\documentclass[a4paper]{article}
\usepackage{amsmath,amsthm,amsfonts}
\usepackage{amssymb}
%\usepackage[T1]{fontenc}
\usepackage[utf8]{inputenc}
\usepackage{tikz}
\usetikzlibrary{arrows}
\usetikzlibrary{lindenmayersystems}


\usepackage{graphicx}
\usepackage{enumitem}
\usepackage{environ}	% For \NewEnviron
\usepackage{bbm}
\usepackage{xcolor}
\usepackage{mathtools}
%\usepackage{thmtools}
\usepackage{subcaption}
\usepackage{nicefrac}
\usepackage{bm}
%\usepackage{calrsfs}
\usepackage{mdframed}
\usepackage{titling}	% For titlingpage
\usepackage[bookmarks=true,hidelinks]{hyperref}
\renewcommand*{\thefootnote}{\fnsymbol{footnote}}	% Use symbols for footnotes


\newtheorem*{theorem}{Theorem}
%\newtheorem{lemma}[theorem]{Lemma}
%\newtheorem{conjecture}[theorem]{Conjecture}
%\newtheorem{proposition}[theorem]{Proposition}
%\newtheorem{corollary}[theorem]{Corollary}

\theoremstyle{definition}
\newtheorem*{definition}{Definition}
\newtheorem*{remark}{Remark}
\newtheorem*{example}{Example}

\renewcommand{\geq}{\geqslant}
\renewcommand{\leq}{\leqslant}
\renewcommand{\epsilon}{\varepsilon}
\newcommand{\eps} {\varepsilon}
\renewcommand{\phi}{\varphi}
\newcommand{\R}{\mathbb{R}}
\newcommand{\Q}{\mathbb{Q}}
\newcommand{\N}{\mathbb{N}}
\newcommand{\Z}{\mathbb{Z}}
\newcommand{\ind}{{\mathbbm{1}}}
\DeclareMathOperator{\sgn}{sgn}
\DeclareMathOperator{\supp}{supp}
\DeclareMathOperator*{\esssup}{ess\, sup}
\DeclareMathOperator*{\essinf}{ess\, inf}
\newcommand{\from}{\colon}
\newcommand{\calF}{\mathcal{F}}
\newcommand{\calL}{{\mathcal{L}}}
\newcommand{\hf}{{\nicefrac12}}

\newcommand{\update}[1]{{\textcolor{red}{#1}}}


\definecolor{shadecolor}{gray}{0.95}


\newcounter{oppgavenr}
\newcounter{deloppgavenr}[oppgavenr]
\renewcommand{\theoppgavenr}{\textbf{\arabic{oppgavenr}}}
\renewcommand{\thedeloppgavenr}{\textbf{(\alph{deloppgavenr})}}

\newenvironment{oppgave}[1][\theoppgavenr]{\refstepcounter{oppgavenr}\par
		\bigskip \noindent\textbf{Problem~\textbf{#1}.}}
	{\par\bigskip}
\newenvironment{deloppgave}{\par\medskip \refstepcounter{deloppgavenr}
\noindent \textbf{(\alph{deloppgavenr})}}{\par\medskip}


\begin{document}
\begin{titlingpage}
    \vspace*{-8em}
    \setlength{\parskip}{1.5ex plus 0.5ex minus 0.2ex}
    \setlength{\parindent}{0pt}

    \begin{flushright}
        \small\today
%		\small \update{Updated \today{} (with changes in red)}
    \end{flushright}

    \begin{center}
        \vspace{2em}
        {
            \bfseries\sffamily\huge
            MAT2400 -- Real Analysis
        }
        \vskip0.2ex
        \Large
        Mandatory assignment 2 of 2
        \vskip1ex
    \end{center}

    \subsubsection*{Submission deadline}
    Monday 26 April 2021 at 14:30 in Canvas
    (\href{https://canvas.uio.no}{\underline{canvas.uio.no}}).
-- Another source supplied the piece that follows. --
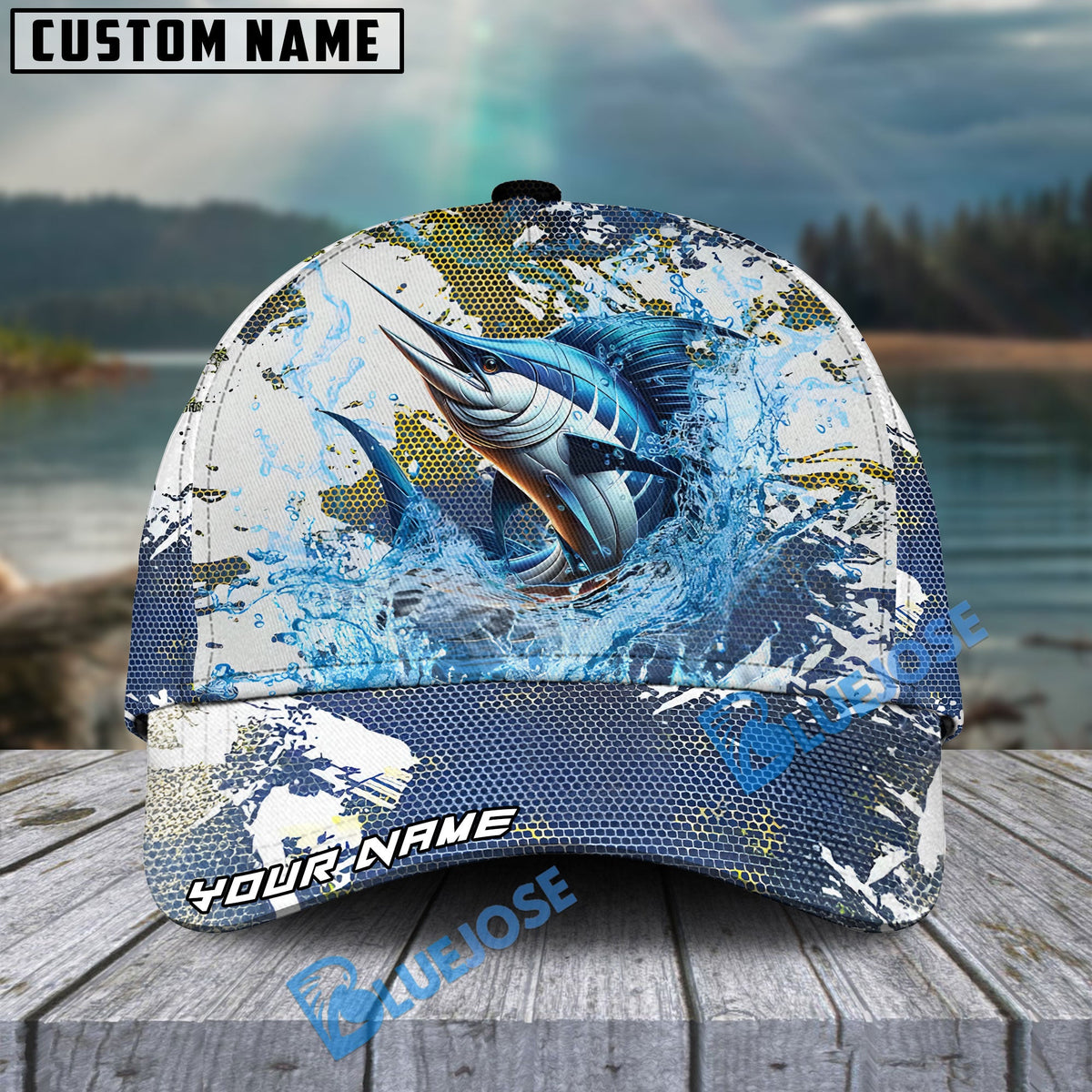 BlueJose Marlin Fishing Hooked On Victory Personalized Cap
    \subsubsection*{Instructions}
	You can choose between writing in English or Norwegian. You will find a Norwegian--English mathematical dictionary at
\begin{center}
\href{/studier/emner/matnat/math/MAT2400/data/norsk-engelsk-ordliste.html}{/studier/emner/matnat/math/MAT2400/data/norsk-engelsk-ordliste.html}.
\end{center}

    You can choose between scanning handwritten notes or typing the solution directly on a computer (for instance with \LaTeX).
    The assignment must be submitted as a single PDF file.
    Scanned pages must be clearly legible; please use either the ``Color'' or ``Grayscale'' settings.
    The submission must contain your name, course and assignment number.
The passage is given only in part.